# Prairie dogs and meerkats



## Mammal lover (Nov 21, 2013)

I was wondering if these animals get along ok together. I would have thought not.


----------



## genevie (Jul 12, 2011)

I wouldn't consider it safe to allow meerkats to have unsupervised contact with prairie dogs. I suppose in theory they may be able to be allowed to roam in the same safe while being monitored, I have seen prairie dogs get along with skunks... But if course even that would have risk attached.


----------



## Mammal lover (Nov 21, 2013)

That is what I thought however I had heard of a few people keeping them together.


----------



## Matt Lusty (Aug 20, 2008)

I have kept prairie dogs and meerkats in the same enclosure before with very little fuss. They all used to sleep in the same nesting areas. They were introduced over a fairly long period, but once they were all settled, they were fine.


----------



## Mammal lover (Nov 21, 2013)

Which option would you consider the best.

1 I put both prarie dogs and meerkat in a 35 by 22 foot enclosure.

2 I have two seperate enclosures side by side which are half the size


----------



## Mammal lover (Nov 21, 2013)

If I were to keep these animals is 2 animals per species enough or do they require more company. Also I would be keeping them outdoors with a small house. Would the enclosure require a roof and the substrate on the floor is currently grass is this ok. If not what substrate should be used.


----------



## izz (Aug 1, 2013)

Mammal lover said:


> If I were to keep these animals is 2 animals per species enough or do they require more company. Also I would be keeping them outdoors with a small house. Would the enclosure require a roof and the substrate on the floor is currently grass is this ok. If not what substrate should be used.


Meerkats are well known for being kept in groups. Since they aren't pets, the best thing would be to keep them in a small group as close as you can to how they are in the wild.


----------



## Mammal lover (Nov 21, 2013)

I thought so how many is a good number to have prarie dogs and meerkats. Also how much does it cost in all to get everything set up and to get the animals. Also how much does it cost on a daily basis. Heating and feeding etc. I have started looking into yellow mongooses


----------



## izz (Aug 1, 2013)

Mammal lover said:


> I thought so how many is a good number to have prarie dogs and meerkats. Also how much does it cost in all to get everything set up and to get the animals. Also how much does it cost on a daily basis. Heating and feeding etc. I have started looking into yellow mongooses


I don't have meerkats but I have been researching them so one day I hope to get the land to keep some.
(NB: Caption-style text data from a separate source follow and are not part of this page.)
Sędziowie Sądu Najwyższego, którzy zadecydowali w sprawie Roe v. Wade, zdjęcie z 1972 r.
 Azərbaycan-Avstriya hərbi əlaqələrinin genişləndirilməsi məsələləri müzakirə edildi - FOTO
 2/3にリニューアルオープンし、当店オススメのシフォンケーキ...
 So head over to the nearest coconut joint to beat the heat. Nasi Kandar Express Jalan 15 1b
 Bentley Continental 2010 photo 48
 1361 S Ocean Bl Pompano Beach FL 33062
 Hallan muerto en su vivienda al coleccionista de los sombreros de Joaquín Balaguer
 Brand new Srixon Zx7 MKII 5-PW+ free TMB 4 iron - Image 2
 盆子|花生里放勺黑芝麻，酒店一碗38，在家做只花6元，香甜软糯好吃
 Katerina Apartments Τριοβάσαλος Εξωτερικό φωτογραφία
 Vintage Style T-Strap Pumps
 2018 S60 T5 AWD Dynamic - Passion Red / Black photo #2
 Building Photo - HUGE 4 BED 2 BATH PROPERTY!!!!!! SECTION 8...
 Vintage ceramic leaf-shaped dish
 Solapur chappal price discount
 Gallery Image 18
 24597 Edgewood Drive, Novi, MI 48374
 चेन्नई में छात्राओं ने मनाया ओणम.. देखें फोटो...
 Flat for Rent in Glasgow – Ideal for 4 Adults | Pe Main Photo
But the enclosure would have to be heated and insulated plus with an outside enclosure that would have to have mesh beneath so they don't escape since they are a burrowing mammal. I'm guessing it would not be cheap if you want to make a good enclosure, I've been going to zoos to get ideas for what sort of enclosure I would make for mine in the future. I wouldn't suggest keeping prairie dogs with Meerkats since meerkats naturally are extremely territorial. I have no clue how much it would cost to feed and keep running.


----------



## kodakira (Jul 11, 2008)

You would need a heated enclosure for the Meerkats and yes it would need a roof.

Neil


----------



## Mammal lover (Nov 21, 2013)

Do you know of any mammals that could be kept in that size enclosure above with no roof and just heating in a small hutch.


----------



## shane 08 (Dec 31, 2009)

*ttt*

Any pics off the said enclosure whats it made off and what mesh is on it and what bittom concreat ect


----------



## Mammal lover (Nov 21, 2013)

I don't yet have an enclosure however I have an area of land for one. Kodakira do you know how much money we are talking about overall. The enclosure at my local zoo twycross is open topped I was just wondering why I would need an open topped one. Would prarie dogs or mongooses need a roof. Which of these three are cheapest. I was talking about yellow mongoose. Also are there any other simalir species to these three


----------



## aquajird (Oct 27, 2010)

Prairie dogs can climb but they are far more likely to escape by burrowing. 

However, prairie dogs can be kept indoors as pets too. They get very tame. I have a pair of males and one of them is asleep on the chair with me, cuddled up just like a cat, as I write this.


----------



## kodakira (Jul 11, 2008)

Mammal lover said:


> I don't yet have an enclosure however I have an area of land for one. Kodakira do you know how much money we are talking about overall. The enclosure at my local zoo twycross is open topped I was just wondering why I would need an open topped one. Would prarie dogs or mongooses need a roof. Which of these three are cheapest. I was talking about yellow mongoose. Also are there any other simalir species to these three


 Hi 

Sorry I meant they need an inside enclosure with roof. Obviously the outside area does not need covering.

They need to able to get in from the elements and the Meerkat's would need a heated inside enclosure.

Neil


----------